La Débâcle – 670

Comme l’arrière-garde quittait Raucourt, les Allemands, à l’autre bout, y entraient ; et deux de leurs batteries, tout de suite installées, à gauche, sur les hauteurs, tirèrent. A ce moment, le 106e, filant par la route qui descend, le long de l’Emmane, se trouvait dans la ligne du tir. Un obus coupa un peuplier, au bord de la rivière ; un autre s’enterra dans un pré, à côté du capitaine Beaudoin, sans éclater. Mais le défilé, jusqu’à Haraucourt, allait en se rétrécissant, et l’on s’enfonçait là, dans un couloir étroit, dominé des deux côtés par des crêtes couvertes d’arbres : si une poignée de Prussiens s’était embusquée en haut, un désastre était certain. Canonnées en queue, ayant à droite et à gauche lamenace d’une attaque possible, les troupes n’avançaient plus que dans une anxiété croissante, ayant la hâte de sortir de ce passage dangereux.
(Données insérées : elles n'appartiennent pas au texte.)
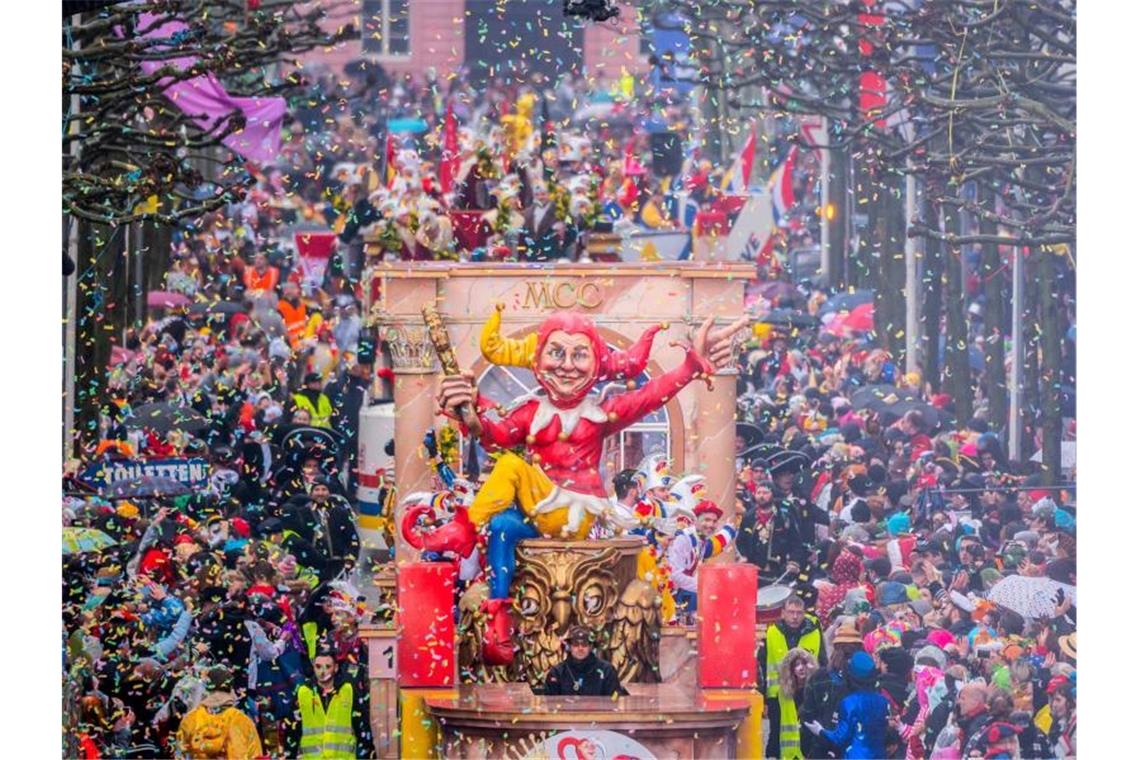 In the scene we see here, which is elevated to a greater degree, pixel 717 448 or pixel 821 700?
pixel 717 448

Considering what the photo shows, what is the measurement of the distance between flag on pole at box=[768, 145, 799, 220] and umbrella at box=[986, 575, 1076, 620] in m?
1.70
Aussi une flambée dernière d’énergie était-elle revenue aux plus las. Les soldats qui, tout à l’heure, se traînaient dans Raucourt, de porte en porte, allongeaient maintenant le pas, gaillards, ranimés, sous l’éperon cuisant du péril. Il semblait que les chevaux eux-mêmes eussent conscience qu’une minute perdue pouvait être payée chèrement. Et la tête de la colonne devait être à Remilly, lorsque, tout d’un coup, il y eut un arrêt dans la marche.